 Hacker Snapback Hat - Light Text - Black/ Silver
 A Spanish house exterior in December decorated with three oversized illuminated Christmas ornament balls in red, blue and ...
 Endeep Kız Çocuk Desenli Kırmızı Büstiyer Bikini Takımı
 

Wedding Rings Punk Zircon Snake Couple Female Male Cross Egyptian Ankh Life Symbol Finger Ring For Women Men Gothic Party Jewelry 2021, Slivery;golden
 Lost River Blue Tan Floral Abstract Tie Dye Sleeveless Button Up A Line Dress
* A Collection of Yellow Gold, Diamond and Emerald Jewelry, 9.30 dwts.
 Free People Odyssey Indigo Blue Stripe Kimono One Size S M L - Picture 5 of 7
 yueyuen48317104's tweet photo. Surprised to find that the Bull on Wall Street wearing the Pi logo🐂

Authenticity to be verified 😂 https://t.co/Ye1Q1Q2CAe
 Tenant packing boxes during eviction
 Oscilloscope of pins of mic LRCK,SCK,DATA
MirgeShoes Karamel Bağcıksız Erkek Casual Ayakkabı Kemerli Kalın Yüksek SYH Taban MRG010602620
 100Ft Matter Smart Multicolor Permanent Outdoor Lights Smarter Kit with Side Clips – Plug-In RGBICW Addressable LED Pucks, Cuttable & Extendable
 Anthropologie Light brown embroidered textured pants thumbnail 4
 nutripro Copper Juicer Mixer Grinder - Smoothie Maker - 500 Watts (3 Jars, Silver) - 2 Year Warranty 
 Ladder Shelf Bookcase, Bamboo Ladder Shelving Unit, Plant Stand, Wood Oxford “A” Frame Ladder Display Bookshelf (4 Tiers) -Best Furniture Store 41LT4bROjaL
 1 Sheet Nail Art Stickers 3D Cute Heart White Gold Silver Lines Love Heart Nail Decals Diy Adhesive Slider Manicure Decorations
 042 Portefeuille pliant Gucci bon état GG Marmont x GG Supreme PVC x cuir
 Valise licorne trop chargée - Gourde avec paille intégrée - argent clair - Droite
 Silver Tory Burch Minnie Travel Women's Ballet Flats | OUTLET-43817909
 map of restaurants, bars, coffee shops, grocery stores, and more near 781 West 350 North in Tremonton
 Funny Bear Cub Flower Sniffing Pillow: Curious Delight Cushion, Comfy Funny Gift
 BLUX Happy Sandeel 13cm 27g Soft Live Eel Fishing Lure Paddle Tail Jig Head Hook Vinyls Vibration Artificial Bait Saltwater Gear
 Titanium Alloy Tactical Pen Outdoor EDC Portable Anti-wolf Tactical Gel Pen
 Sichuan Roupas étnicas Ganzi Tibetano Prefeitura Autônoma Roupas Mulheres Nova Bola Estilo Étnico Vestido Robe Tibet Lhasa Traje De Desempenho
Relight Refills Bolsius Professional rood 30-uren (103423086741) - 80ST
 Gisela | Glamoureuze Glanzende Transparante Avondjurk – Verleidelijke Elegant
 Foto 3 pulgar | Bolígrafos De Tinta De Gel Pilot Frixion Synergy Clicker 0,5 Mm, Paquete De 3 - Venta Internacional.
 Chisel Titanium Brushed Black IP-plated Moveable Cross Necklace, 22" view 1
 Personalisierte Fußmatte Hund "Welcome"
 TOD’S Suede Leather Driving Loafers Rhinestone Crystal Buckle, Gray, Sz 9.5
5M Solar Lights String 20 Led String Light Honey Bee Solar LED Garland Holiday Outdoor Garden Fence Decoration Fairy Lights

****************************************

**What is required**
Give the lines again, exactly as they stand, from the beginning of the data through the line with "MirgeShoes Karamel Bağcıksız".

**Written answer**
 Hacker Snapback Hat - Light Text - Black/ Silver
 A Spanish house exterior in December decorated with three oversized illuminated Christmas ornament balls in red, blue and ...
 Endeep Kız Çocuk Desenli Kırmızı Büstiyer Bikini Takımı
 

Wedding Rings Punk Zircon Snake Couple Female Male Cross Egyptian Ankh Life Symbol Finger Ring For Women Men Gothic Party Jewelry 2021, Slivery;golden
 Lost River Blue Tan Floral Abstract Tie Dye Sleeveless Button Up A Line Dress
* A Collection of Yellow Gold, Diamond and Emerald Jewelry, 9.30 dwts.
 Free People Odyssey Indigo Blue Stripe Kimono One Size S M L - Picture 5 of 7
 yueyuen48317104's tweet photo. Surprised to find that the Bull on Wall Street wearing the Pi logo🐂

Authenticity to be verified 😂 https://t.co/Ye1Q1Q2CAe
 Tenant packing boxes during eviction
 Oscilloscope of pins of mic LRCK,SCK,DATA
MirgeShoes Karamel Bağcıksız Erkek Casual Ayakkabı Kemerli Kalın Yüksek SYH Taban MRG010602620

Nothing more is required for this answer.